What attributes/duties are you wishing these prospective movers to do? 

Since there are so many features anymore, what can you absolutely NOT live without?


----------



## DarSax (Feb 18, 2008)

methinks I know what Kelite's driving at....


----------



## Kelite (Feb 18, 2008)

DarSax said:


> methinks I know what Kelite's driving at....




Aw now....

Just asking for a little more details, that's all.....


----------



## soundlight (Feb 18, 2008)

As I'm not manufacturer affiliated, I'll cut to the chase - could you deal with not having gobo changing ability, motorized zoom, motorize focus, and iris control? Because in that case, you could use an I-Cue or a Right Arm with source four/shakespeare/Strand SL a scroller (only works with right arm, not i-cue) or SeaChanger.


----------



## TimMiller (Feb 18, 2008)

I have never had a problem with a studio spot 250 hitting its mark. The logic in the studio spot 250 is the same as the studio beam. The components in a studio spot (minus the logic board itself) is the same as the studio spot 250. I have had problems with ETC revolutions hitting their spot (ETC should stay with making conventional lights). Also studio spot 575's and studio colors are fanless and they are quiet. The studio spot 575 cmy's are noiser than the regular studio spots, due to the color mixing system, yet they are quiet. Studio beams do have fans in the fixture, same with the studio spot 250's and studio color 250's.


----------



## David Ashton (Feb 19, 2008)

My client is a country venue which has nearly all one night stands, so for music/dance they want full ML function but for theatre/conference events they just want focusable spots which are quiet.


----------



## Kelite (Feb 19, 2008)

Thanks for the additional info, David. The suggestions of the Studio Spot 250/575, along with the VL1000 would certainly fit the need for quiet fixtures, but may be priced higher than your client wants to commit. These fixtures certainly are of good quality, and would more than likely 'earn their keep' in an environment when breaking down is not an option.
Yes, there are other moving lights on the market that may work just fine but bear in mind the reliability factor.


----------



## LD4Life (Feb 19, 2008)

Kelite said:


> but bear in mind the reliability factor.

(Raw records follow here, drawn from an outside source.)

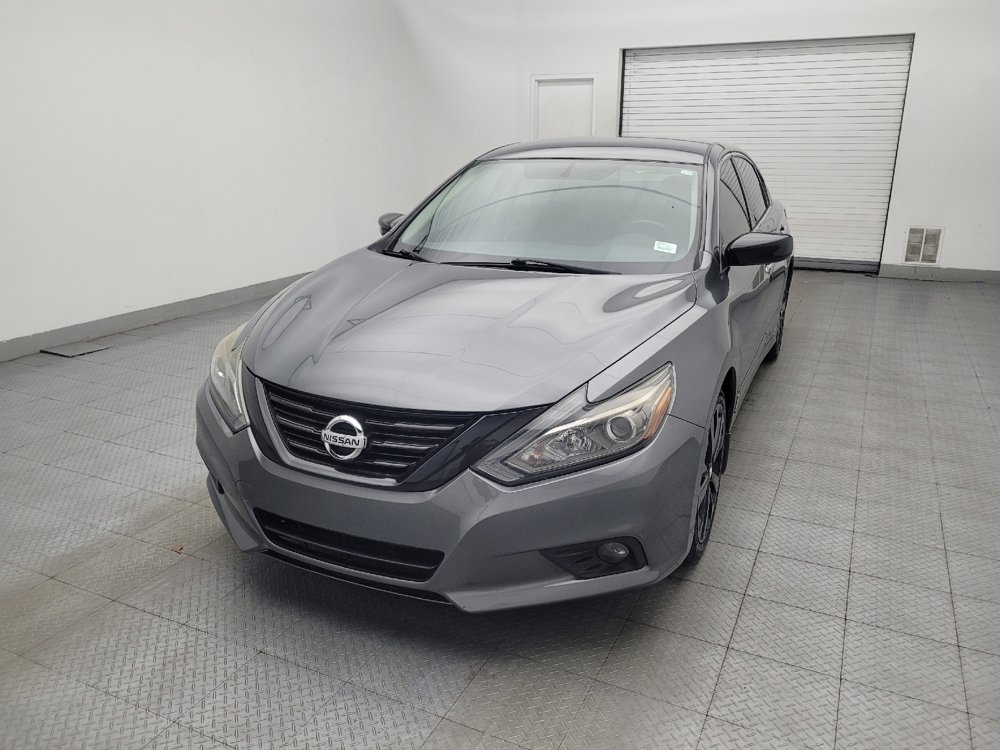 Used 2018 Nissan Altima 2.5 SR w/ SR Midnight Edition FWD image 15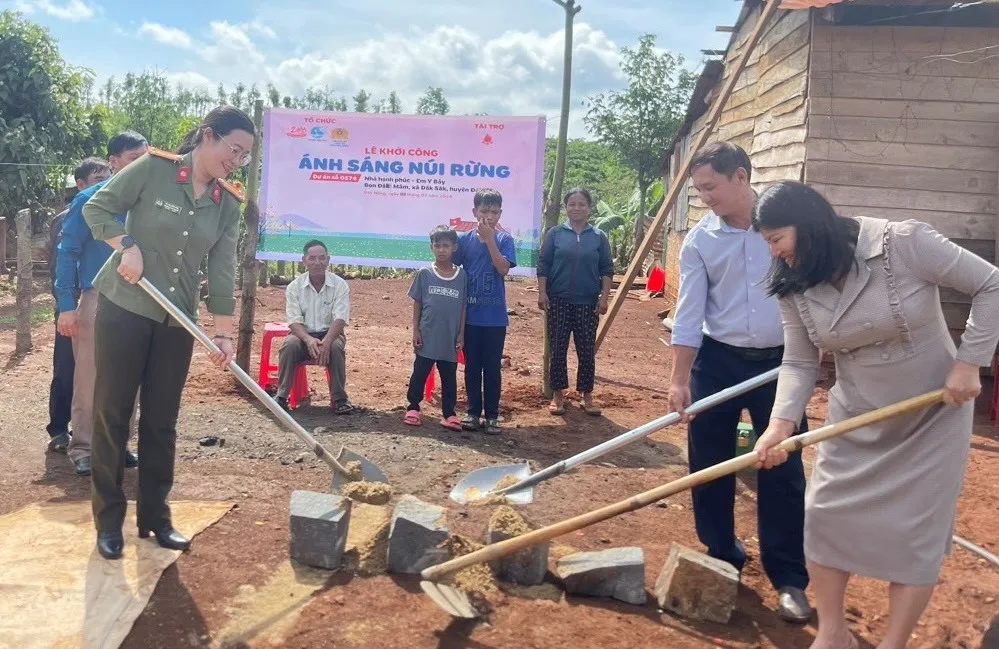 Đắk Nông: Khởi công xây dựng Ngôi nhà hạnh phúc cho 2 trẻ mồ côi - Ảnh 2.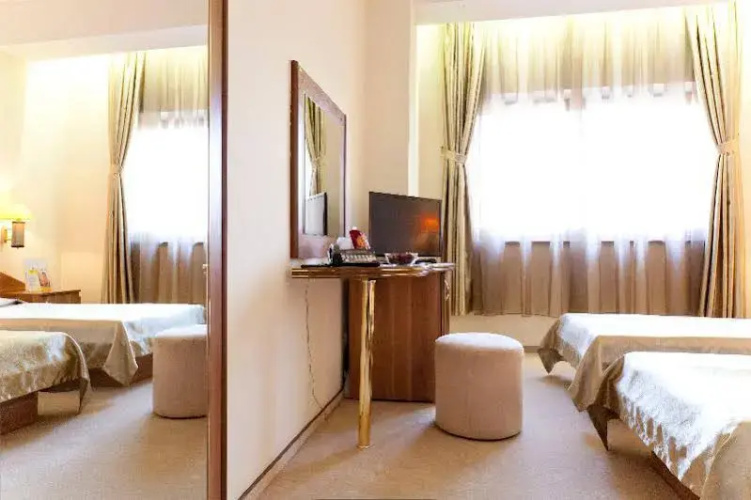 Euro Hotels International Arcul De Triumf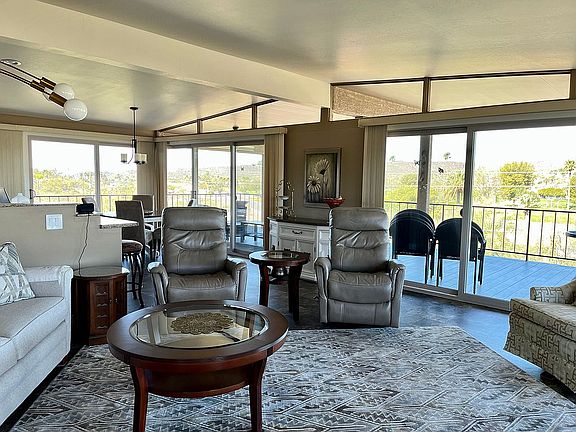 Open Floor Plan, LR/DR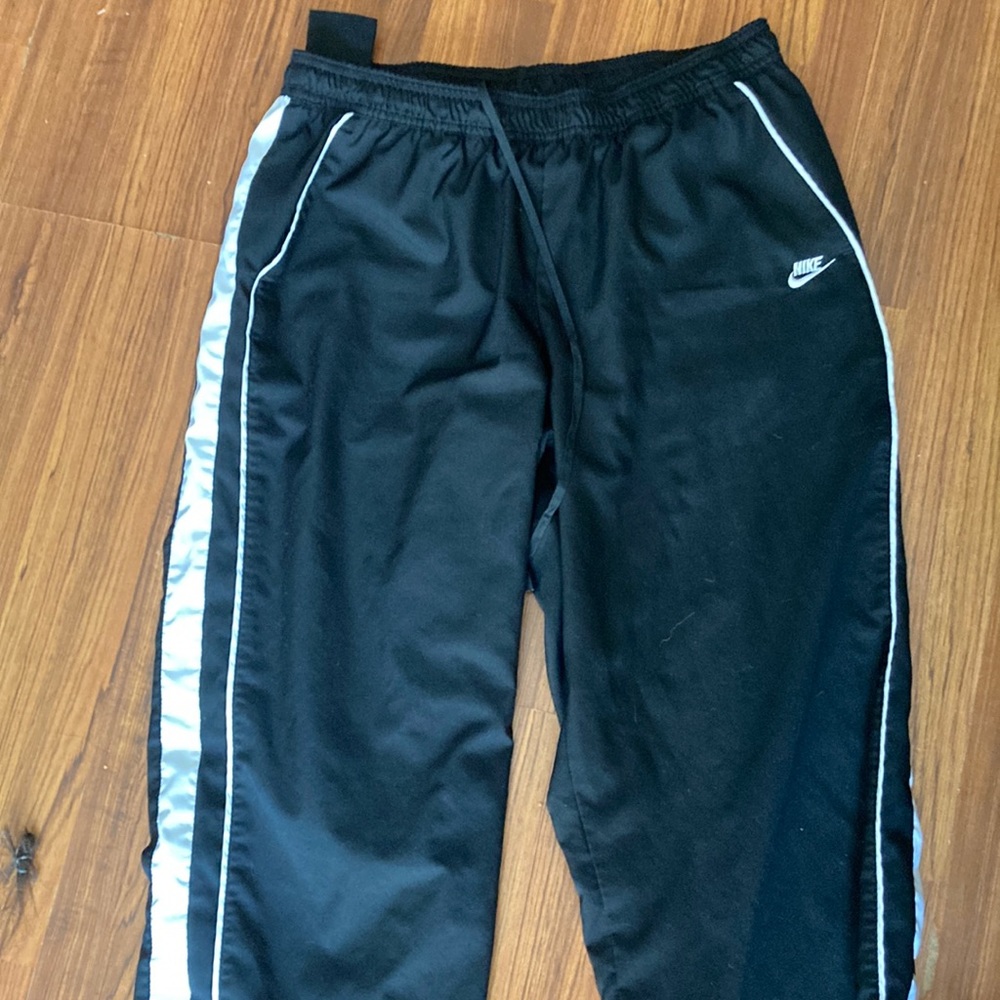 Black and white Nike joggers ❤️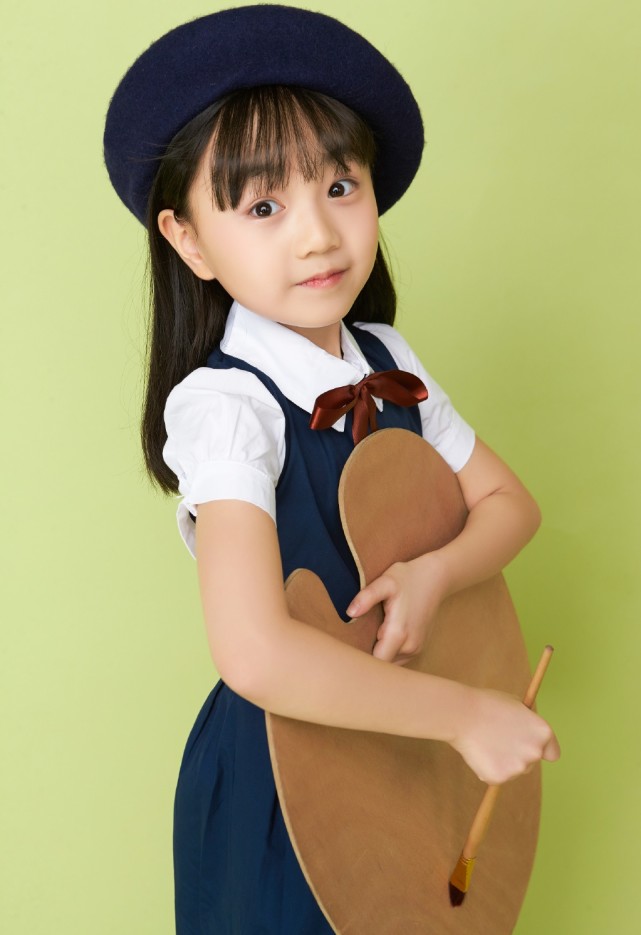 小山竹近照變化大，長高變瘦美到認不出了，打扮清新俏皮宛如仙女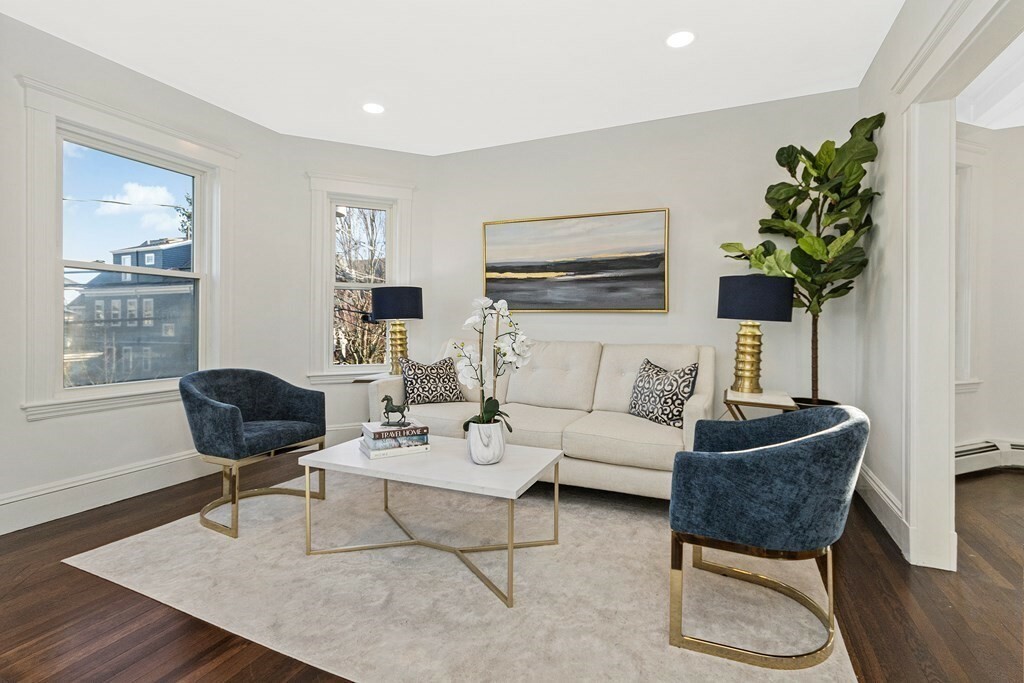 Property Photo: 68 Cleveland St 2 MA 02474
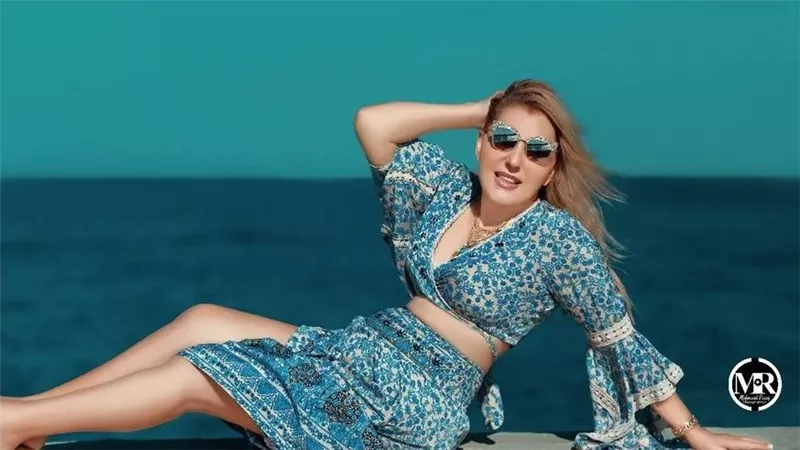 هاف ستوماك وكأنها فتاة في العشرين.. إطلالة صيفية مثيرة للفنانة نادية الجندي | شاهد 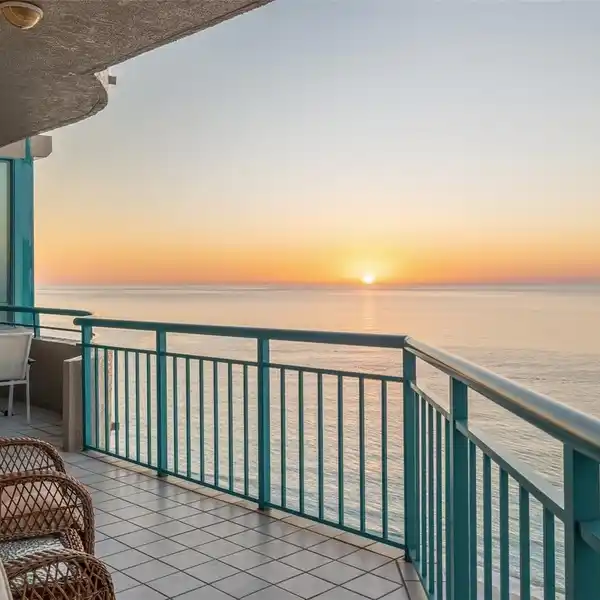 CORNER THREE BEDROOM RESIDENCE IN THE ULTIMAR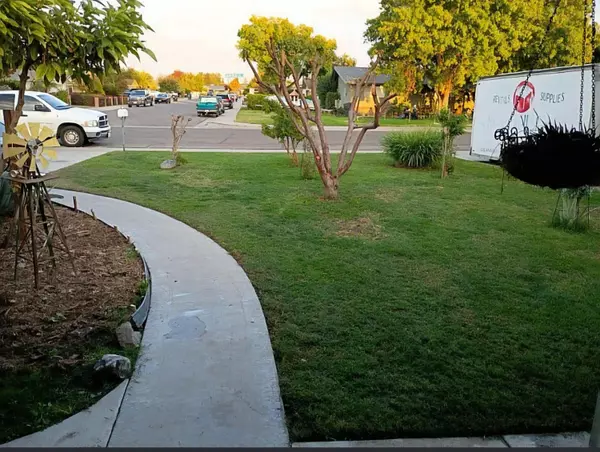 Visalia, CA 93277,2527 S Linda Vista Street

My advice, stay as far away from Chauvet movers as possible. I had to send in a Q-Spot 575 in four times before it finally worked properly. As soon as I got it back, one of the Q-Washes that the theatre I work for owns stopped tilting. Ergo, stay away from them.


----------



## porkchop (Feb 19, 2008)

I'm gonna jump on the High End band wagon here. In a theatre I worked at for years we had Techno Beam 575's and Studio Spot 575's. The Techno's were old but they worked fine and were quiet even if put on the box's. The Studio's were a dream to work with and I never noticed any noise from them really. Also with the 575 variety I never had a problem with the light not being bright enough i had full washes up and still if I wanted to see the light from the 575's it was there. One word to the wise though make sure you terminate the line. Maybe it was just the fixtures I had but if I even thought of not terminating the line the fixtures (especially the Techno's) started to twitch like someone that just drank 14 cups of coffee.


----------



## derekleffew (Feb 20, 2008)

The HES Showgun is surprisingly quiet, and you probably wouldn't need any other fixtures.


----------



## David Ashton (Feb 20, 2008)

Sorry HES fans but they do not have any active agents here in W Australia unlike Martin who have good back up and the HES price range looks way over the available budget, but thanks for your replies.


----------



## Kelite (Feb 20, 2008)

derekleffew said:


> The HES Showgun is surprisingly quiet, and you probably wouldn't need any other fixtures.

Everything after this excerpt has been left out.